The first eggs arrived in the new Inchmore before Christmas and production had started before construction was fully complete. The staff, said Richmond, had done ‘a great job working through this difficult time to protect the health and welfare of our fish’.
Marine Harvest Scotland managing director Ben Hadfield also praised the staff, and acknowledged the role played by the man who built the original hatchery on the site 40 years ago, and who was invited back to see its replacement.
‘Today is a very proud day for us – the team here and all Marine Harvest have done an exceptional job. I’m very pleased that Fergus Ewing, the Cabinet Secretary, is opening this for us. He’s a strong supporter of the industry and a strong supporter of sustainable growth, and making salmon and the economy of Scotland everything they can be.
‘I’ve just been introduced to a gentleman called Peter Crook who I haven’t met before. He founded the first hatchery here in 1978 and, first of all, I applaud him for picking a great location.
‘It was a great hatchery and performed extremely well for us in during that time and I’m sorry that in the end we had to bulldoze it but we needed the space.’
Crook, former chief engineer at Marine Harvest, said his Inchmore had been built for quarter of a million smolts, in the days when the goal was to produce 1,000 tonnes of salmon a year. It was producing around 40 tonnes before making way for the new plant.
‘This was by far the biggest hatchery in Scotland then,’ he said, as he was about to enter its vast successor, also now the country’s biggest hatchery.
Inchmore mark two will produce its 800 tonnes of fish a year in four batches, including five to six million fry and five to six million smolts.
Currently, there are over seven million salmon stocked, and hatchery manager Owen Davies said the first batch, of about one million parr, were due to be graded and vaccinated in mid-July and transferred to freshwater loch sites.
Then, around November, the first smolts from Inchmore – about one million at around 100g – will be transported by lorry to Kyle, then by well boat to farm sites.
The Inchmore fish will mostly supply the company’s high energy sites, such as Mull and the new farm being built at Rum.
Inchmore covers 13,500m2 – the expanse of two football pitches – and holds 4.6 million litres of water in the fish tanks (two Olympic size swimming pools), while there are 17.7 million litres (seven swimming pools) in total in the RAS system.

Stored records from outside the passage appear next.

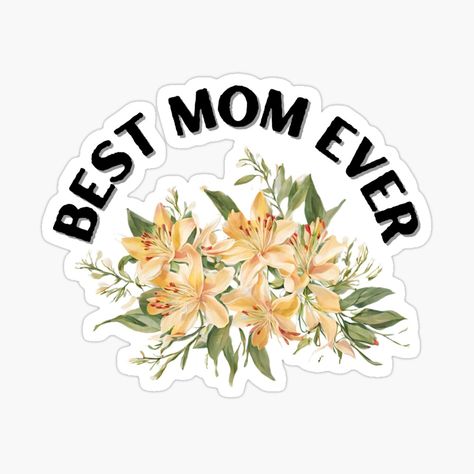 Get my art printed on awesome products. Support me at Redbubble #RBandME: https://www.redbubble.com/i/sticker/Best-Mom-Ever-2024-Mother-s-Day-Gifts-by-Noemill/159965159.EJUG5?asc=u Mom Stickers Printable, Mom Stickers, Mom Daughter Gifts, Expecting Moms Gifts, Mother Daughter Quotes, Celebrate Mom, Happy Birthday Mom, Best Mom Ever, Floral Stickers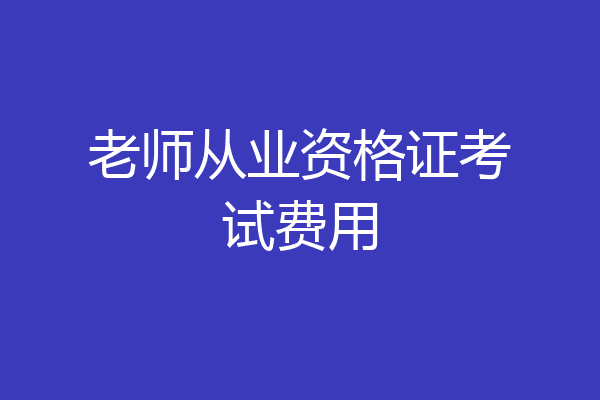 老师从业资格证考试费用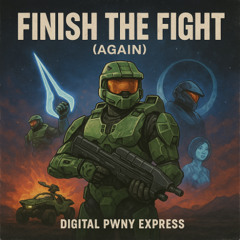 Finish the Fight (Again)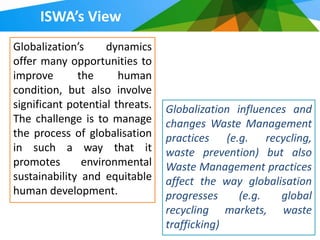 ISWA’s View
Globalization’s     dynamics
offer many opportunities to
improve       the      human
condition, but also involve
significant potential threats.   Globalization influences and
The challenge is to manage       changes Waste Management
the process of globalisation     practices (e.g. recycling,
in such a way that it            waste prevention) but also
promotes       environmental     Waste Management practices
sustainability and equitable     affect the way globalisation
human development.               progresses     (e.g.   global
                                 recycling markets, waste
                                 trafficking)
 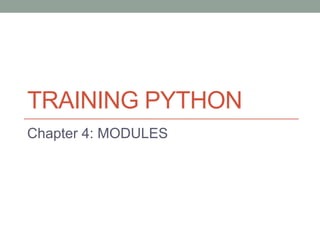 TRAINING PYTHON
Chapter 4: MODULES
 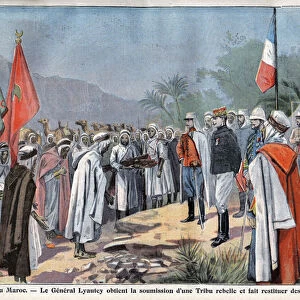 In Morocco, General Lyautey obtains the submission of a rebel tribe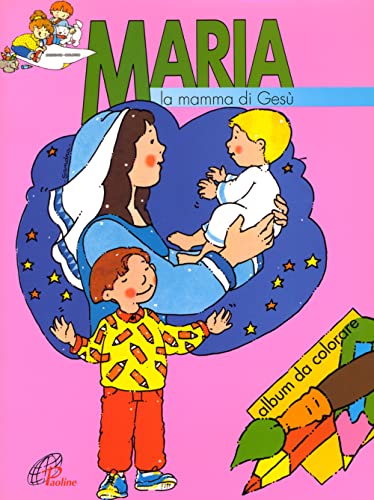 Beispielbild fr Maria, la mamma di Ges (Disegno-coloro) zum Verkauf von medimops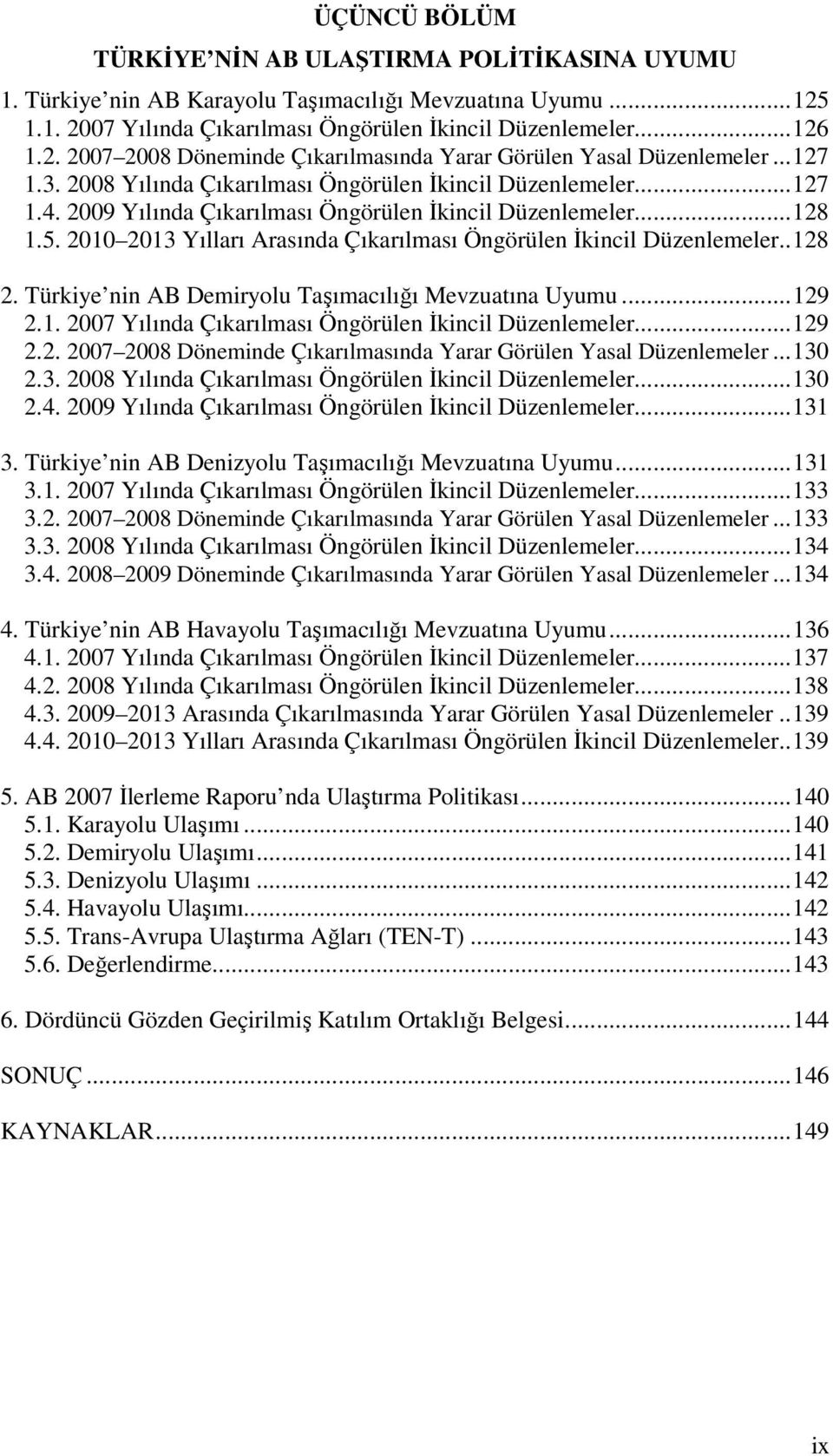 2010 2013 Yılları Arasında Çıkarılması Öngörülen İkincil Düzenlemeler..128 2. Türkiye nin AB Demiryolu Taşımacılığı Mevzuatına Uyumu...129 2.1. 2007 Yılında Çıkarılması Öngörülen İkincil Düzenlemeler.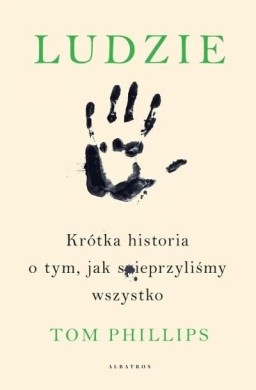 Ludzie. Krótka historia o tym,...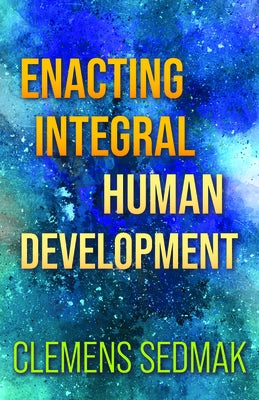 Enacting Integral Human Development by Sedmak, Clemens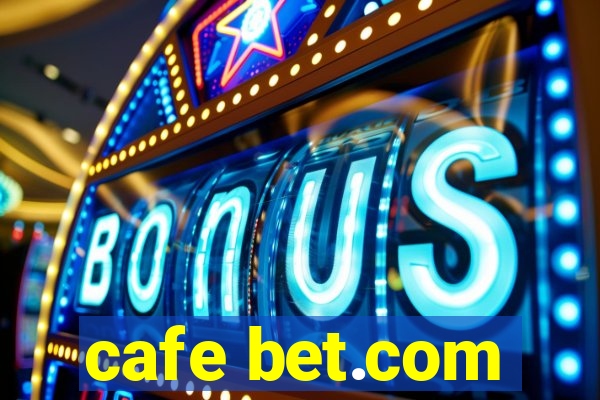 cafe bet.com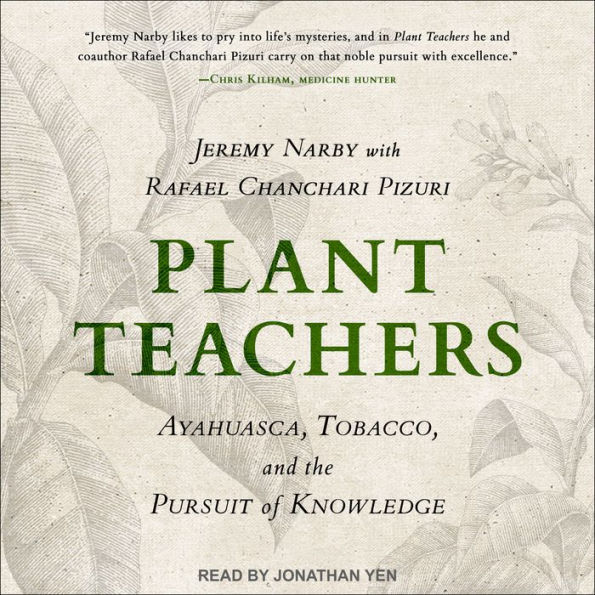 Plant Teachers: Ayahuasca, Tobacco, and the Pursuit of Knowledge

This vast volume of water is almost completely recirculated, with only 1.5 per cent new water volume per day.
Seven miles of process pipe are laid underground and there are another seven miles of building services pipe.
Inchmore has been constructed with some 9,000m3 of concrete, most of it batched off site, and 730 tonnes of structural steel.
Suspended above all this technical mastery is the visitors’ gallery, a glass encased corridor accessed directly from the foyer and running almost the entire length of the building. This enables visitors to watch the process without going through the disinfection procedure.
The fry and smolt tanks can be viewed from here and there is also a platform looking out through glass on to the vaccination area.
Waste is treated until it forms a paste and is then distributed to a network of local farmers.
Every stage of the process has built-in back up in the event of anything going wrong. If there is an issue they can shut down an area and carry on operating.
There are four RAS systems for egg and alevin incubation, and four RAS systems for the fry and smolt, Fry A and B and Smolt A and B.
RAS systems have mechanical filtration using drum filters, fixed bed biofiltration and fine solids capture, trickling tower biofiltration and CO2 degassing, ozone injection for dissolved solids removal and oxygen injection.
As Peter Crook said, the ‘raison d’etre’ of Inchmore mark one had been to meet production growth, and the new hatchery will be doing just the same.